US Providing Cover for Cluster Bombs in Yemen

The United States is providing a thinly-veiled cover virtually legitimizing the use of cluster bombs, banned by an international convention, by Saudi Arabia and its allies in their heavy fighting in Yemen.
Asked if cluster bombs are legitimate weapons of war and “if used appropriately,” US State Department spokesman John Kirby told reporters: “If used appropriately, there are end-use regulations regarding the use of them. But yes, when used appropriately and according (to) those end-use rules, it’s permissible,” Thalif Deen wrote for IPS News.
But Steve Goose of Human Rights Watch said the State Department official makes reference to “end use regulations.”
“Any recipient of US cluster munitions has to agree not to use them in populated areas.  Saudi Arabia may be violating that requirement. State and Defense Department officials are looking into that.”
The Saudi-led coalition of Arab states, which has been uninterruptedly bombing Yemen, includes Egypt, Jordan, Morocco, Sudan, the United Arab Emirates, Kuwait, Qatar and Bahrain.
The 80 non-signatories to the convention include all 10 countries, plus Yemen. The US, which is providing intelligence to the Saudi-led coalition, is also a non-signatory.

 Cluster Talks
Asked whether it would be alarming or disconcerting if the coalition, is in fact, using American-supplied cluster bombs, Kirby told reporters early this week: “I would just tell you that we remain in close contact, regular contact with the Saudi government on a wide range of issues in Yemen.
“We’ve urged all sides in the conflict repeatedly … including the Saudis, to take proactive measures to minimize harm to civilians.
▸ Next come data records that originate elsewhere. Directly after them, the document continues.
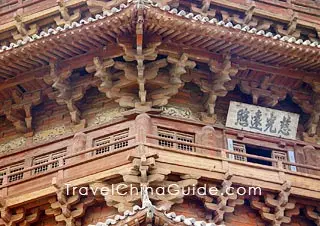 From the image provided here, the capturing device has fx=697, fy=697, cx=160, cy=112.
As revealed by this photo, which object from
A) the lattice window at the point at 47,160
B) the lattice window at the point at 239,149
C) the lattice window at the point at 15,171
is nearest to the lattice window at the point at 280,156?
the lattice window at the point at 239,149

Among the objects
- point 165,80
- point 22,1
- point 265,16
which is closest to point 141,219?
point 165,80

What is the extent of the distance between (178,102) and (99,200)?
2792 millimetres

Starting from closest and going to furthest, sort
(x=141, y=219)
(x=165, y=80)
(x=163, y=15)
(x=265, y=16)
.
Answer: (x=141, y=219)
(x=163, y=15)
(x=165, y=80)
(x=265, y=16)

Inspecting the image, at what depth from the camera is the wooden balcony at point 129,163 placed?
11.7 metres

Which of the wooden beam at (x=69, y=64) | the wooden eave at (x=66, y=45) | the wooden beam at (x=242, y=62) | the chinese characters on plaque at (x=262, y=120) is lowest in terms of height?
the chinese characters on plaque at (x=262, y=120)

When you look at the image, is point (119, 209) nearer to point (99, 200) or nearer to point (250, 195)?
point (99, 200)

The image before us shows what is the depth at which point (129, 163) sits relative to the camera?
11523 mm

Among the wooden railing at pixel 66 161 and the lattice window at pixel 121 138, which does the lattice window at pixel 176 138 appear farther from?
the wooden railing at pixel 66 161

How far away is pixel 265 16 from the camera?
50.5ft

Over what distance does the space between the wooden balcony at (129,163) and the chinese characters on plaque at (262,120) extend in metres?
0.36

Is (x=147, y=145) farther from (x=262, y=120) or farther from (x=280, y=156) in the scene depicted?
(x=280, y=156)

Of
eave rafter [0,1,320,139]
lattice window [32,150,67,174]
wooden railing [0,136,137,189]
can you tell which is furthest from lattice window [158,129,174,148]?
lattice window [32,150,67,174]

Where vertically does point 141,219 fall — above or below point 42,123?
below

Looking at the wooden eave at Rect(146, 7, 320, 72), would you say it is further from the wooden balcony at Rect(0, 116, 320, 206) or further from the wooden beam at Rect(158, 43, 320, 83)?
the wooden balcony at Rect(0, 116, 320, 206)
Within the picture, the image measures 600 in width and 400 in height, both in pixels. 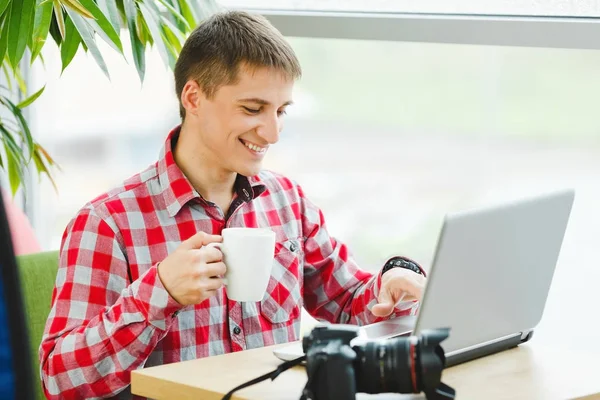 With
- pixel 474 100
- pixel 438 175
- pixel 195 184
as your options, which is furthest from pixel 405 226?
pixel 195 184

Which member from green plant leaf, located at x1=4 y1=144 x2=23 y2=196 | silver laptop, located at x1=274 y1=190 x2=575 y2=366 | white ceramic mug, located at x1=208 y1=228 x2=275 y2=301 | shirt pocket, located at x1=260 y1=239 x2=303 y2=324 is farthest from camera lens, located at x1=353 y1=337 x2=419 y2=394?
green plant leaf, located at x1=4 y1=144 x2=23 y2=196

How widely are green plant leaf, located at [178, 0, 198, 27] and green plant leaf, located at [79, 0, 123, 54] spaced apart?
0.33 m

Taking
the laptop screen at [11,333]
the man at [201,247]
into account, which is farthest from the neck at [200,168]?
the laptop screen at [11,333]

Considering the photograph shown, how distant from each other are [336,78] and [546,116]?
59 centimetres

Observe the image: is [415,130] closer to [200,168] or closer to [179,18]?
[179,18]

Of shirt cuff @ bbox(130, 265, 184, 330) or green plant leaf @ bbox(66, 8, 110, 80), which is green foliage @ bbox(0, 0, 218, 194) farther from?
shirt cuff @ bbox(130, 265, 184, 330)

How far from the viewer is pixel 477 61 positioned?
233cm

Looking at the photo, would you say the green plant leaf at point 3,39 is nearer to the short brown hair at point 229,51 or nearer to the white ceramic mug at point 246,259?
the short brown hair at point 229,51

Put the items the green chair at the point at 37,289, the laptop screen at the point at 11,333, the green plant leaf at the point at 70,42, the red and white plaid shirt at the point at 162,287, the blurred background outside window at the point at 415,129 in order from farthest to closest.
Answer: the blurred background outside window at the point at 415,129, the green plant leaf at the point at 70,42, the green chair at the point at 37,289, the red and white plaid shirt at the point at 162,287, the laptop screen at the point at 11,333

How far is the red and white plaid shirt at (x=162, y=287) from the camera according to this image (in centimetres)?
155

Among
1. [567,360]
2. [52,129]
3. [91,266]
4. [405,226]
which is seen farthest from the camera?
[52,129]

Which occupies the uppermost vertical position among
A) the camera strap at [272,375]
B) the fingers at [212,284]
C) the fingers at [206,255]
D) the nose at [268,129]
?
the nose at [268,129]

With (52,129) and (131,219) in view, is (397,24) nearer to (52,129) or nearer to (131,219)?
(131,219)

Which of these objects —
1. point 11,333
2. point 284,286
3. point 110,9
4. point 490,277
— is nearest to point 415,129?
point 284,286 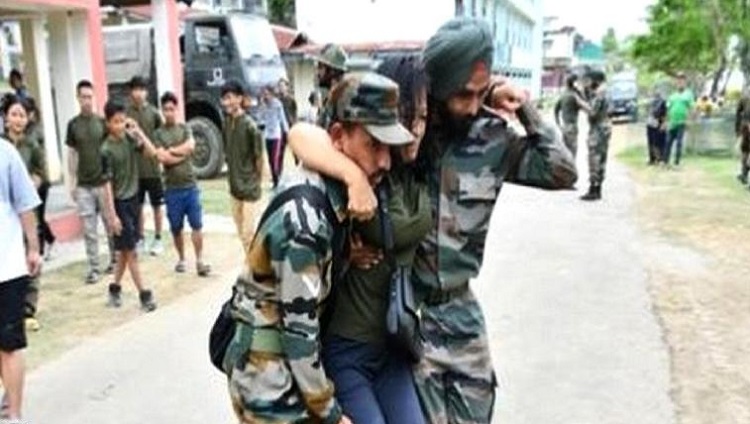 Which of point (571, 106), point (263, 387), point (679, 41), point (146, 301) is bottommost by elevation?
point (146, 301)

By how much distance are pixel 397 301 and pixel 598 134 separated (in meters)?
9.87

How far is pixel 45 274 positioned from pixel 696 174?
11310 mm

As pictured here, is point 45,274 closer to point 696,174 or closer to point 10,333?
point 10,333

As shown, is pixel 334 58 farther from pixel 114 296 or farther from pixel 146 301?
pixel 114 296

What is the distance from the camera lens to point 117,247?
6258mm

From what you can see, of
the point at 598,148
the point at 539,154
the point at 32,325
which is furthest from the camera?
the point at 598,148

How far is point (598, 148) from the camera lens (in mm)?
11281

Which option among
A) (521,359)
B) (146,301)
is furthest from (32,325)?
(521,359)

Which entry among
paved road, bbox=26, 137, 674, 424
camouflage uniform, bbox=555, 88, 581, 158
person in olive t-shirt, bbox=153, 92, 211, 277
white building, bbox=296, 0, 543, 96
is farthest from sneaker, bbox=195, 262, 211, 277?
white building, bbox=296, 0, 543, 96

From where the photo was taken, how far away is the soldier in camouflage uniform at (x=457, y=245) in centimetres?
233

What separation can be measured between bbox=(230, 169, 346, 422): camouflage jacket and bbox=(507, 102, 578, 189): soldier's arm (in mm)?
857

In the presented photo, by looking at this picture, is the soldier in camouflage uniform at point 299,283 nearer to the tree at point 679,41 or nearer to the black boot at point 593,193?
the black boot at point 593,193

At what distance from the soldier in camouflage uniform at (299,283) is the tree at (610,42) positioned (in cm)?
9431

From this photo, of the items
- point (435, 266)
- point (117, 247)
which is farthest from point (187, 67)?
point (435, 266) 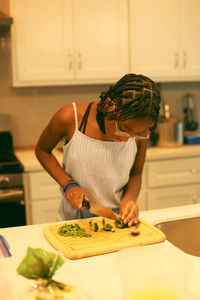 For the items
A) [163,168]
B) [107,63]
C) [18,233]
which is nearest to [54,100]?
[107,63]

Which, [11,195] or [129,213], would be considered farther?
[11,195]

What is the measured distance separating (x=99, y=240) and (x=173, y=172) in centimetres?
165

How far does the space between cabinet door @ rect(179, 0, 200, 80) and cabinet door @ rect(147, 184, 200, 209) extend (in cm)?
85

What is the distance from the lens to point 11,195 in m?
2.37

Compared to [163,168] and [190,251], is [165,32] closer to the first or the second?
[163,168]

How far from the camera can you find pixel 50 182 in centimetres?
246

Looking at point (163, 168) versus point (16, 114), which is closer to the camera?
point (163, 168)

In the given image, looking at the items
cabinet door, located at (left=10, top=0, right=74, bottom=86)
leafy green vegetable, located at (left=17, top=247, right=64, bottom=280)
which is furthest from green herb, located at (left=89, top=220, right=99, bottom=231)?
cabinet door, located at (left=10, top=0, right=74, bottom=86)

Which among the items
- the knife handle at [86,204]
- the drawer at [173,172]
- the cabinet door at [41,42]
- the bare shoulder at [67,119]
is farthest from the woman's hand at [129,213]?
the cabinet door at [41,42]

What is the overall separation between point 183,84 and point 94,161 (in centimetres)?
200

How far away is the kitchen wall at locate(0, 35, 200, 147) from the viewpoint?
9.42 feet

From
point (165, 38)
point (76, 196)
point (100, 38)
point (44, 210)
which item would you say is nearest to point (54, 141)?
point (76, 196)

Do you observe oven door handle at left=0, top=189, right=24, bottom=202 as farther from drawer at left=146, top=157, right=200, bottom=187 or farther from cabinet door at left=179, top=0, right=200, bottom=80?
cabinet door at left=179, top=0, right=200, bottom=80

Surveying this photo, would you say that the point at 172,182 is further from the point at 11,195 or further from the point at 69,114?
the point at 69,114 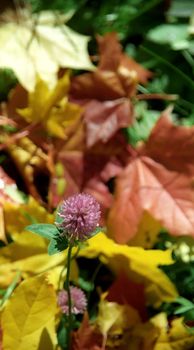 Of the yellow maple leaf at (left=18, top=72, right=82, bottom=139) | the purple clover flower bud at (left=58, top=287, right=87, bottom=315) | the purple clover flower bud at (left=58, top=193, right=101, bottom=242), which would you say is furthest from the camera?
the yellow maple leaf at (left=18, top=72, right=82, bottom=139)

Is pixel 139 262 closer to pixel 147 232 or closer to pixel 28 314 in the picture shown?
pixel 147 232

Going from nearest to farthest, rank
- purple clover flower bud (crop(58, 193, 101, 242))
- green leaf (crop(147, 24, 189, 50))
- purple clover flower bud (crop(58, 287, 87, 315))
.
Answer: purple clover flower bud (crop(58, 193, 101, 242))
purple clover flower bud (crop(58, 287, 87, 315))
green leaf (crop(147, 24, 189, 50))

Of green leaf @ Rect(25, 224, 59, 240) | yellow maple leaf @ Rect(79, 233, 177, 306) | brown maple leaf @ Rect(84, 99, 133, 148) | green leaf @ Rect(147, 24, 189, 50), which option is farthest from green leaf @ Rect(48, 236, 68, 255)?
green leaf @ Rect(147, 24, 189, 50)

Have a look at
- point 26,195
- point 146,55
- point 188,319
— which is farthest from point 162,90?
point 188,319

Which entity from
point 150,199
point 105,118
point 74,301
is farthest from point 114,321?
point 105,118

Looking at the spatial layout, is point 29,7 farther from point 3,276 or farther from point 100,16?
point 3,276

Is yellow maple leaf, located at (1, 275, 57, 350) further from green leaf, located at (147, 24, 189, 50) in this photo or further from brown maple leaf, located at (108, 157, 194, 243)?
green leaf, located at (147, 24, 189, 50)

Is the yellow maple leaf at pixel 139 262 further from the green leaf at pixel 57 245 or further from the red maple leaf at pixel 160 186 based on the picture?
the green leaf at pixel 57 245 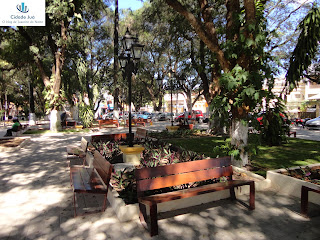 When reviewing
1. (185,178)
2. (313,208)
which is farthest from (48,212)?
(313,208)

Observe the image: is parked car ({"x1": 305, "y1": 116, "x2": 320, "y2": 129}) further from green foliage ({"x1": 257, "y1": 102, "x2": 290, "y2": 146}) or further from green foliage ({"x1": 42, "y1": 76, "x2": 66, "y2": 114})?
green foliage ({"x1": 42, "y1": 76, "x2": 66, "y2": 114})

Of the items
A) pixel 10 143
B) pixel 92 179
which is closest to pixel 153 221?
pixel 92 179

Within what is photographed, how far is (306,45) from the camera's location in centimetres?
504

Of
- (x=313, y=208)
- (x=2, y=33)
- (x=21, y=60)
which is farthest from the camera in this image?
(x=21, y=60)

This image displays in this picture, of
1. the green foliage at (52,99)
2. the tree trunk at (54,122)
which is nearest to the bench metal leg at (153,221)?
the green foliage at (52,99)

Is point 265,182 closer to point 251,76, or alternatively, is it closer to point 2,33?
point 251,76

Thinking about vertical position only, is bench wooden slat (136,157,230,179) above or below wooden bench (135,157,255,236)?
above

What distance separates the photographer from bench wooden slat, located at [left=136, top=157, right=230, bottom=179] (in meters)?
3.34

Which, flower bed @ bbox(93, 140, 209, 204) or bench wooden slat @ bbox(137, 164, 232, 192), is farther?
flower bed @ bbox(93, 140, 209, 204)

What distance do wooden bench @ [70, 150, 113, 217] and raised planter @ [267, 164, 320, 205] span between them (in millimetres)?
3128

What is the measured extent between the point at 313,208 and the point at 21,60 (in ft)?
64.5

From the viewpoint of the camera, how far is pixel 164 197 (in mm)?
3264

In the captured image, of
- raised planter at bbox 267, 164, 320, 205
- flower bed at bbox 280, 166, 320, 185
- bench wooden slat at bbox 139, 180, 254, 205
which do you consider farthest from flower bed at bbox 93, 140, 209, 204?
flower bed at bbox 280, 166, 320, 185

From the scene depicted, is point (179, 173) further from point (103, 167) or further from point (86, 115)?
point (86, 115) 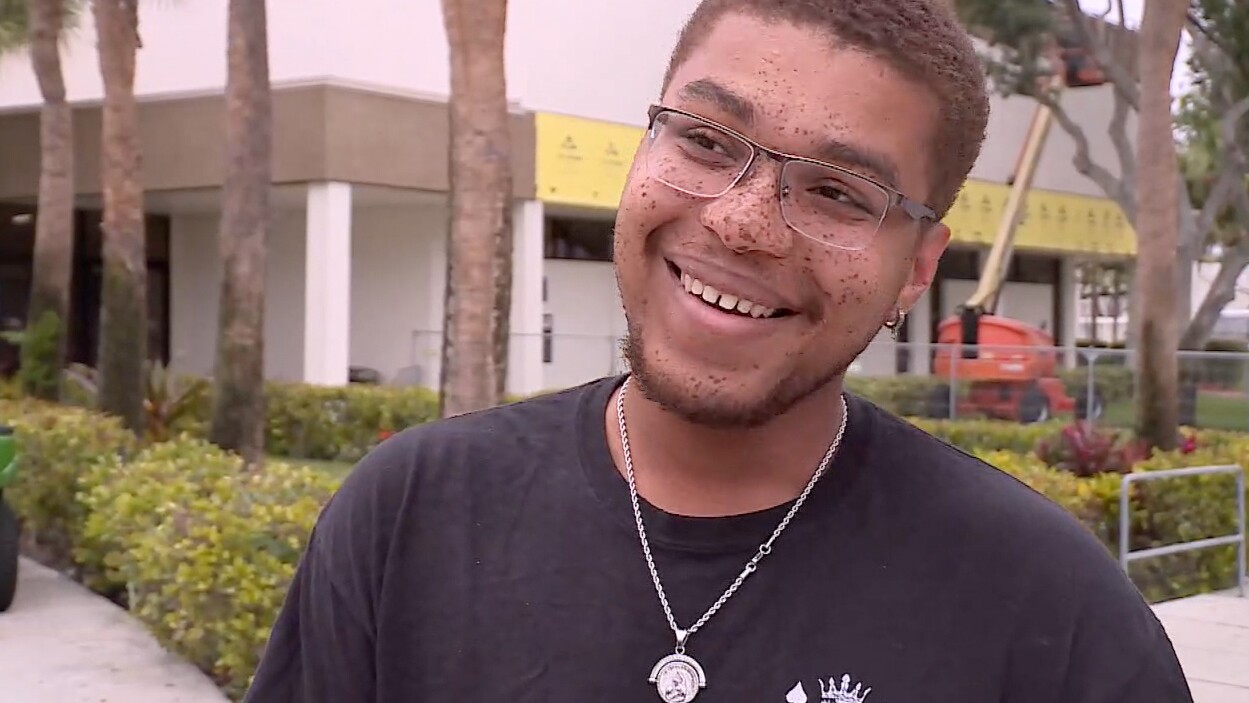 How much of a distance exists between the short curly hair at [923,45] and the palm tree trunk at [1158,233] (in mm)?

We have discussed reports of the alleged use of cluster munitions with the Saudis.”
Goose said a US Defense Department official has already said the US is aware that Saudi Arabia has used cluster munitions, so there is no real need for the State Department to confirm or deny.
“Cluster munitions should not be used by anyone, anywhere, at any time due to the foreseeable harm to civilians,” Goose added.
He also said the States Parties to the Convention on Cluster Munitions are meeting for the first Five-Year Review Conference of the convention next month and are expected to condemn Saudi use and call for a halt.
Cluster bombs have also been reportedly used in South Sudan, Ukraine and by a non-state actor, the Islamic State militant group which has captured large swathes of territory in Syria and Iraq to establish a so-called “caliphate.”

 Anti-Bomb Convention
The Convention on Cluster Munitions, adopted in 2008, entered into force in 2010. A total of 117 states have joined the convention, with 93 state parties who have signed and ratified the treaty.
The convention, which bans cluster munitions, requires destruction of stockpiles, clearance of areas contaminated by cluster munition remnants and assistance to victims.
Human Rights Watch, a founding member of the international Cluster Munition Coalition, the civil society campaign behind the convention and publisher of Cluster Munition Monitor 2014 report, said last May that banned cluster munitions have wounded civilians, including a child, in attacks in northern Yemen.
HRW is preparing another report on new use of cluster munitions, scheduled to be released in the near future.
On September 3, the Cluster Munition Monitor 2015, which provides a global overview of states’ adherence to the ban convention, will be released in Geneva.
An HRW team, in a report released after a visit to the Saada Governorate in northern Yemen, said the Saudi-led coalition “needs to recognize that using banned cluster munitions is very likely to harm civilians.”

  No Distinction
Ole Solvang, senior emergencies researcher at HRW, said, “These weapons can’t distinguish military targets from civilians and their unexploded sub-munitions threaten civilians, especially children, even long after the fighting.”
In one attack, which wounded three people, at least two of them most likely civilians, the cluster munitions were air-dropped, pointing to the Saudi-led coalition as responsible because it is the only party using aircraft.
In a second attack, which wounded four civilians, including a child, HRW said it was not able to conclusively determine responsibility because the cluster munitions were ground-fired, but the attack was on an area that has been under attack by the Saudi-led coalition.
In these and other documented cluster munition attacks, HRW has identified the use of three types of cluster munitions in Yemen and called upon the US to denounce their use.
HRW also said the discovery of cluster munitions in areas attacked by coalition aircraft on previous occasions and the location within range of Saudi artillery suggest that Saudi forces fired the cluster munitions, but further investigation is needed to conclusively determine responsibility.

  Child Killers
Of the 402 children killed in Yemen since the escalation of hostilities in March, 73% were victims of Saudi coalition-led airstrikes, a UN official said earlier this week.
In a statement released on August 24, Leila Zerrougui, the special representative of the secretary-general for children and armed conflict, warned that children are paying a heavy price for continued fighting in Yemen, led by Saudi Arabia and bent on reinstating fugitive Yemeni president Abd-Rabbuh Mansour Hadi.
Incidents documented by UN’s Country Task Force on Monitoring and Reporting suggest that 606 children have been severely wounded. Between April 1 and Junuary 30, the number of children killed and injured more than tripled, compared to the first quarter of 2015.
Zerrougui said she was “appalled” by heavy civilian casualties in the southwestern Yemeni city of Taiz, where 34 children have died and 12 have been injured in the last three days alone.
According to UNICEF, 114 schools have been destroyed and 315 damaged since March, while 360 have been converted into shelters for the displaced who are estimated to be around 1.5 million.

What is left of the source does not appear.